* _TASK TO COMPLETE_: Line by line, return the listing exactly, without any of the images.

* _RAW DATA_:
- Opening Delimiter -
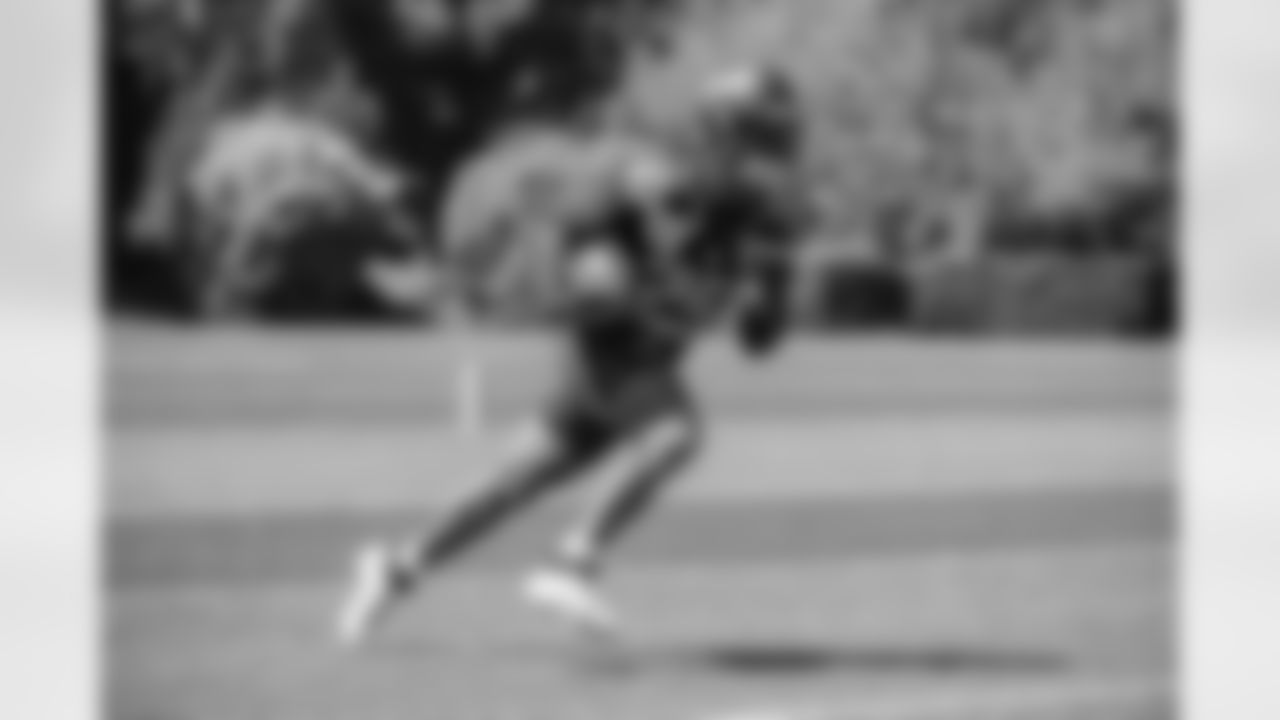 Seahawks running back Kenny McIntosh (25) participated in the Seahawks 2025 offseason workout program.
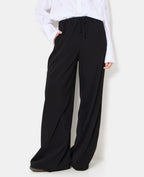 Pantalon droit et large avec lien coulissé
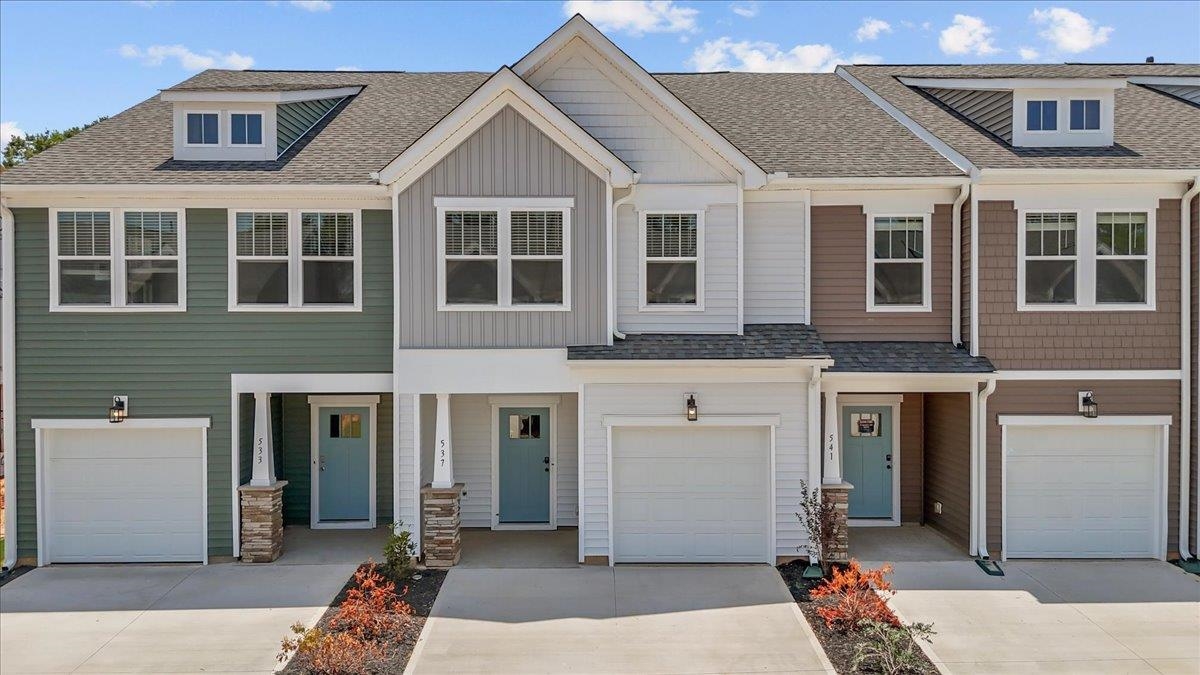 537 W Norvell Court Property Photo 1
- Closing Delimiter -
* _EXERCISE RESPONSE_:
 Seahawks running back Kenny McIntosh (25) participated in the Seahawks 2025 offseason workout program.
 Pantalon droit et large avec lien coulissé
 537 W Norvell Court Property Photo 1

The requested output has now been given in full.